I ran command line backup on travel-sample bucket and the directory structure and files that i see is different then given in the documentation link. I don’t see any shard* file in data directory instead i see failoverlog*.fol, data*.rift, index*.sqlite, snapshot*.snp, stats.json files. Can someone please help to understand what are this files and how is data stored ? Is there any documentation on command line backed-up?
Configuration : 3 node cluster with couchbase 7.0 version
The archive layout created by ‘cbbackupmgr’ has changed a fair bit since that
documentation was written and as a consequence, the documentation is now
out-of-date.
In the past we’ve given slightly more information about the layout/storage
formats, however, we (the maintainers) agree that it should be removed for a
couple of reasons:
Ideally, it’s not something users need to understand/care about (cbbackupmgr
should just work, it shouldn’t matter how the data is stored/formatted)
The format shouldn’t be changed/modified in any way, otherwise users may
experience undefined behavior.
a) In 7.0.0, a README.md was added to the repository which indicates this
# Repository repo
Creation Time: 2021-08-09T12:18:01+01:00
Author: Unknown
Version: cbbackupmgr-master-831fc4b6
This is a repository created by the cbbackupmgr tool, please don't alter any of the files as this may result in unexpected
behaviour.
The format is subject to change, it has and will continue to evolve as we
add new features in the future.
As such, I’ve created DOC-8948 which can be used to track the removal of the
archive layout documentation.
If you’re interested, we do have some high level overviews of the backup
architecture/design/features in the form of Connect videos that are available
on our YouTube channel.
Thanks for sharing the link. I had doubts since there are many files created and i wanted to what each file format means?
So will it be possible to get some information on that? Also for empty buckets also i see many files created under the data directory.
You’re correct, newer versions of cbbackupmgr will create a lot more files than previous versions for various reasons; most importantly performance.
Regarding what the file formats mean:
The .snp files contain DCP snapshot metadata
The .fol files contain DCP failover logs
Rift storage files (briefly covered in the S3 video as it was a requirement for native cloud integration)

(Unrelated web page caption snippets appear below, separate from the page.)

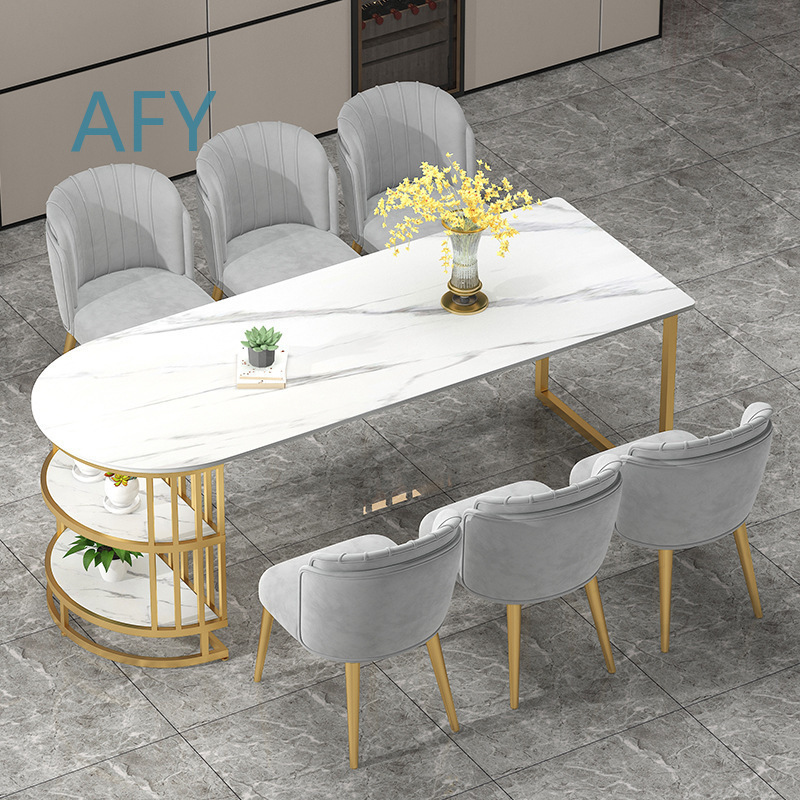 Rechthoekige eettafel en stoel - Home Office Ikea recensie en prijs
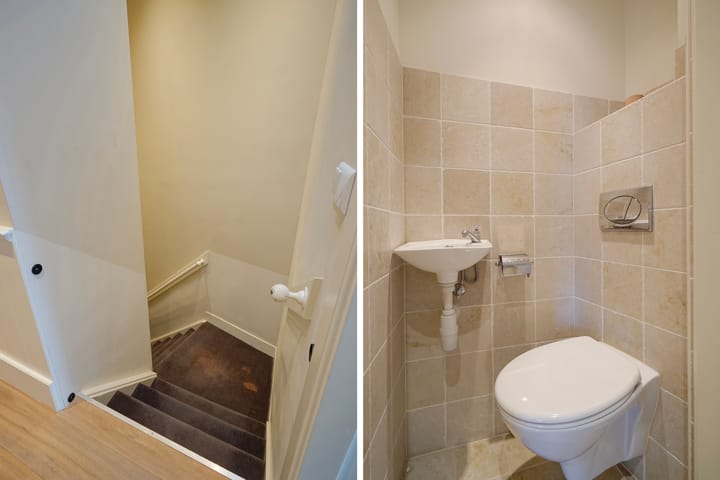 Foto 17 van Mient 671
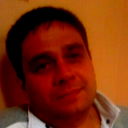Евгений Шунчев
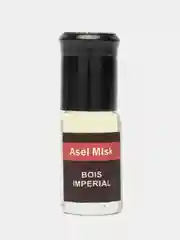 Масляные духи по мотивам Essential Parfums Bois Imperial
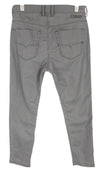 Jeans Slim-Chino-M-NE 0685E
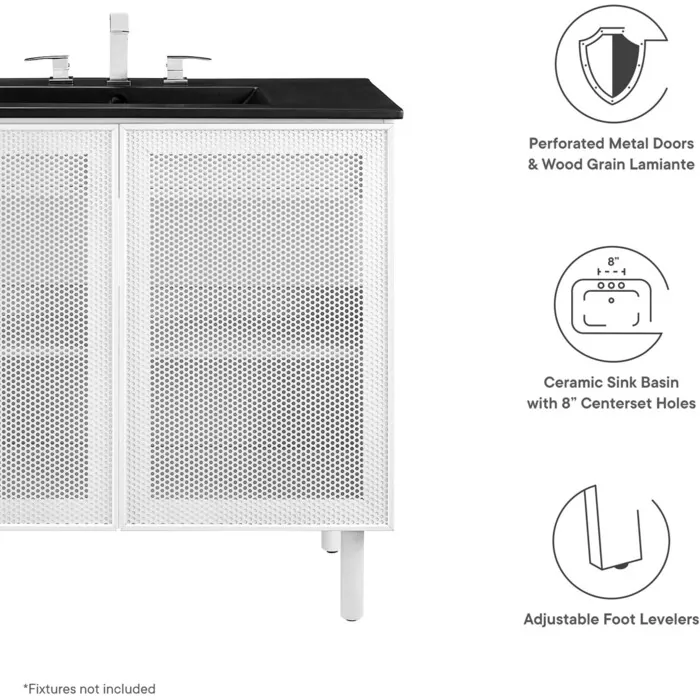 Modway-Furniture-EEI6680-1
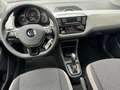 Volkswagen up! e-Up! Edition RFK Climatronic Gris - thumbnail 9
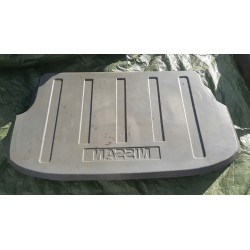 NISSAN TERRANO MATA PÓŁKA BAGAŻNIKA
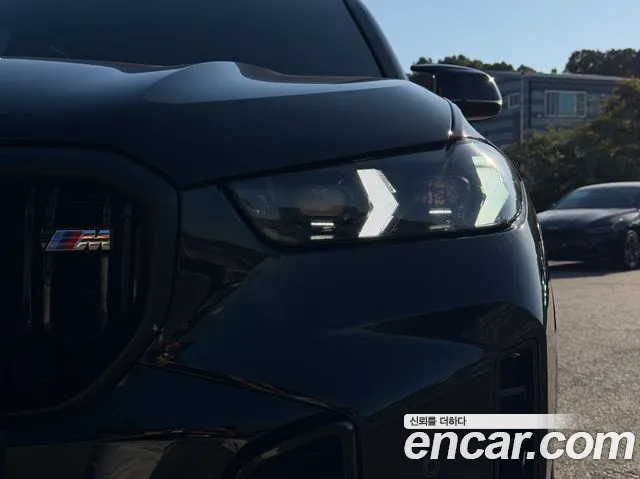 BMW X5 G05 — Фото автомобиля 5
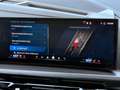 BMW XM 50e Grau - thumbnail 32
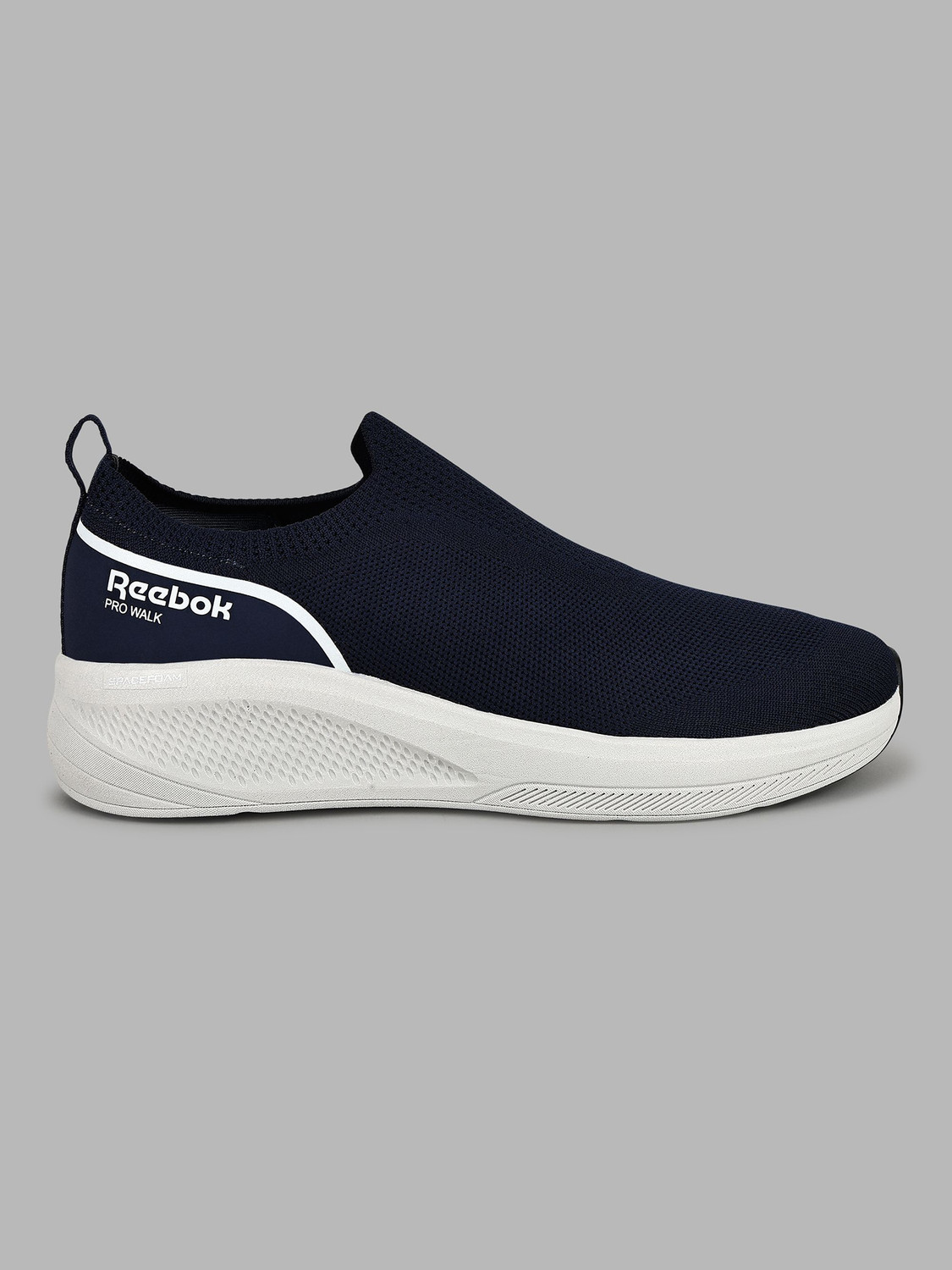 Image of REEBOK SOFT ELEVATE SLIP Running Shoes For Men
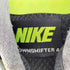 ナイキ NIKE ダウンシフター4 ローカット スニーカー メンズ JPN:26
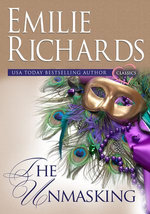 The Unmasking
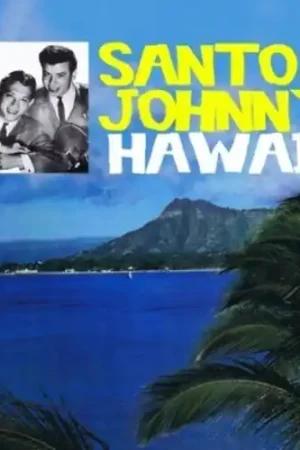 Hawaii Handmade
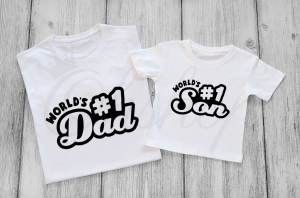 worlds_dad_son_komplet.webp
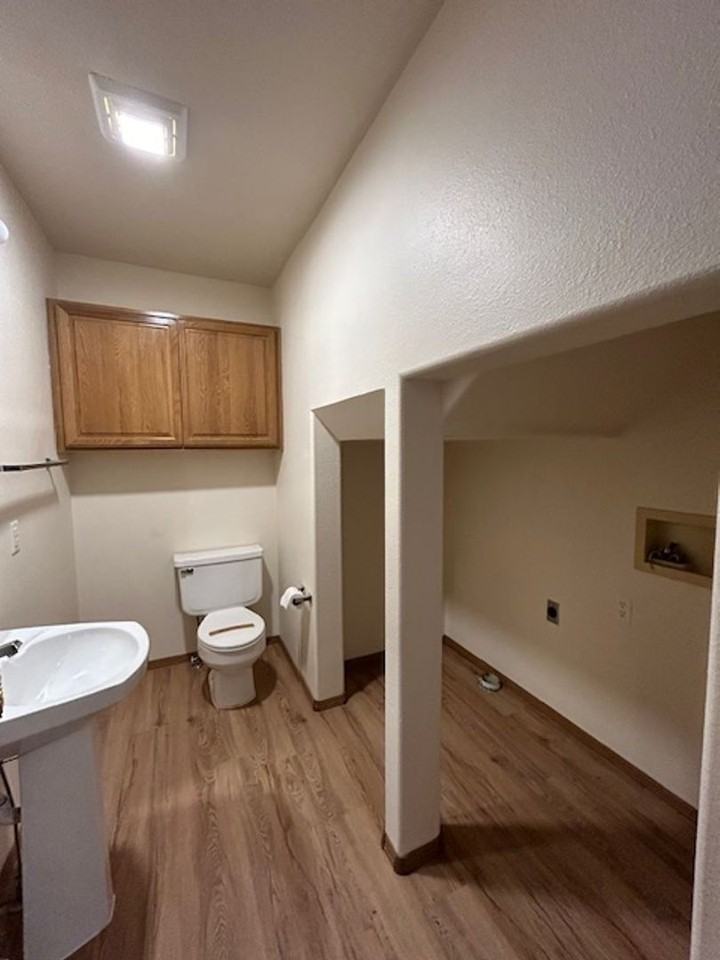 129 Bing Ct - Photo 4 of 14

a) The index_[\d+].sqlite.[\d+] files are storage indexes, they contain metadata/locations for document data
b) The data_[\d+].rift.[\d+] files contain packed document metadata/data
General metadata files .info, .backup, backup-meta.json etc. are all JSON files
It’s worth noting that the formats/locations have changed significantly between versions so this information won’t be correct for older versions (for example, those that use SQLite/ForestDB).
Regarding the creation of “many files” for a backup of an empty bucket, this is to be expected; cbbackupmgr will still open DCP streams to the bucket and persist the failover logs for each vBucket. This metadata is used when calculating the data which should be streamed when creating the next incremental backup.
Hopefully I’ve covered your questions, if I haven’t please let me know.